Pour vous, il n'y a aucun doute sur la valeur du traité de Bruxelles ?Le refuser, ce serait faire un pari sur l'incertitude. Je le répète, il n'y a aucun recul, il n'y a que des avancées. Je suis étonné que certains fassent la fine bouche aujourd'hui, alors même que les socialistes unanimes ont voté, en 1994, les nouveaux accords du Gatt qui ont consacré à la fois l'hégémonie américaine et un système de développement capitaliste destructeur des économies locales. J'ai été le seul, au Parlement européen, à voter contre cet accord ! Dans le même ordre d'idée, on ne peut que s'étonner du silence de la gauche, en juillet dernier, sur l'accord de Genève conclu dans le cadre de l'OMC qui va précipiter un peu plus la crise agricole de l'Afrique. Quand on est internationaliste, on devrait être interpellé par ce sujet, puisque le nombre d'hommes qui meurent de faim risque de passer de 2 à 4 milliards. C'est autrement plus grave que la Constitution européenne !
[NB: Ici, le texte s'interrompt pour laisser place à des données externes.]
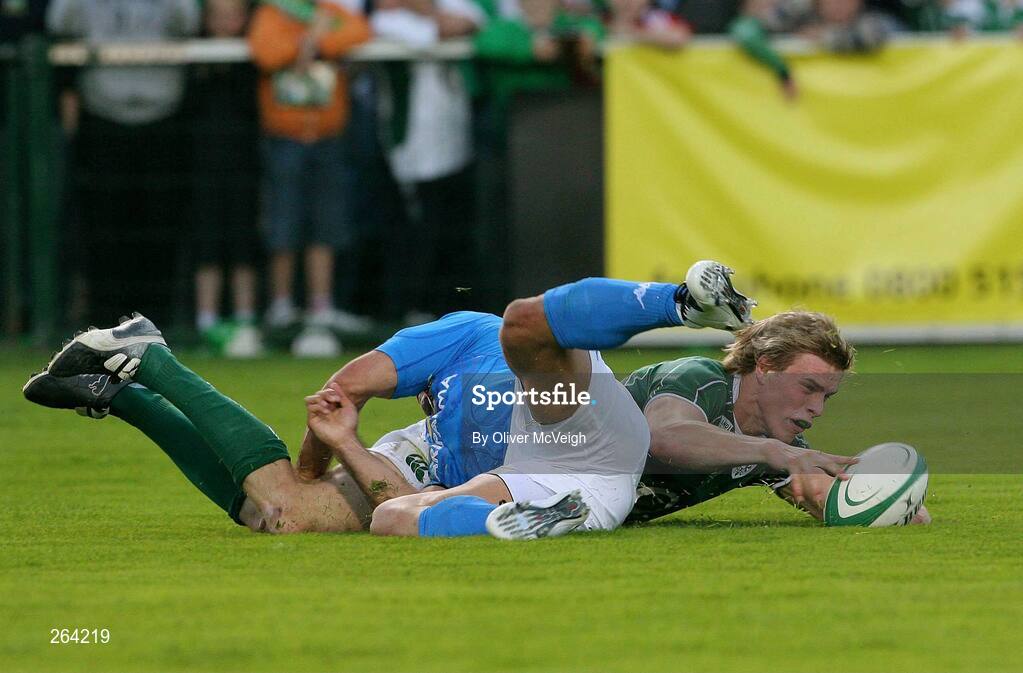24 August 2007; Ireland's Andrew Trimble scores his side's  first try despite the tackle of Italy's Gonzalo Canale. Rugby World Cup Warm-Up Game, Ireland v Italy, Ravenhill Park, Belfast, Co. Antrim. Picture credit: Oliver McVeigh / SPORTSFILE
Pourtant, des membres de la direction du PS, comme Manuel Valls, ont pris parti pour le non, et Laurent Fabius hésite.Je respecte leur conviction. Cependant, si en définitive nous refusions ce traité, alors j'exige que nous nous livrions à un exercice de contrition collective. Les socialistes ont approuvé à l'unanimité, en 1997, le très mauvais traité d'Amsterdam que personnellement je récusais car je souhaitais un approfondissement de l'Europe avant de décider de son élargissement. Malheureusement, les socialistes ne se sont pas battus en ce sens. Ils se sont engagés d'une seule voix en faveur du traité de Nice, autrement plus médiocre que l'actuel traité de Bruxelles. Si aujourd'hui, les socialistes, en refusant ce traité, décident une révision déchirante de leur idéologie européenne, alors qu'ils accomplissent d'abord un acte de repentance vis-à-vis du peuple. Pour lui avoir demandé de soutenir des textes moins sociaux et moins avancés que le traité de Bruxelles. Car si ce traité n'est pas bon, les autres étaient détestables. Un peu de logique et de cohérence !
Que faites-vous de l'argument selon lequel dire oui à ce texte, c'est dire oui à Chirac ?Je peux le comprendre s'il apparaît que le référendum se réduit à une manœuvre purement politicienne du président. Les socialistes ont déjà beaucoup donné, en particulier lors de l' élection présidentielle de 2002, et à chaque fois ils ont été floués.
La composition de la Commission ne présage-t-elle pas d'un ancrage irréversible de l'Europe comme zone de libre-échange au détriment de l'Europe sociale pour laquelle le PS a fait campagne ?Ne confondons pas tout dans un salmigondis d'arguments fallacieux. La Commission est à droite parce qu'une majorité de pays d'Europe sont à droite. Le traité, abusivement appelé « Constitution », n'y est pour rien ! Si demain il y avait une volonté politique d'une majorité d'Etats, rien n'interdirait - et en tout cas pas ce texte - de construire une politique de la défense, une politique industrielle et, priorité des priorités, une politique de la recherche scientifique, clé de la prospérité et de l'indépendance de l'Europe. Ce qui manque à l'Europe n'est pas un traité mirifique, mais la volonté politique. Je suis pour une Europe de gauche, pour une Europe anti-impérialiste mais ce n'est pas un traité qui en décidera.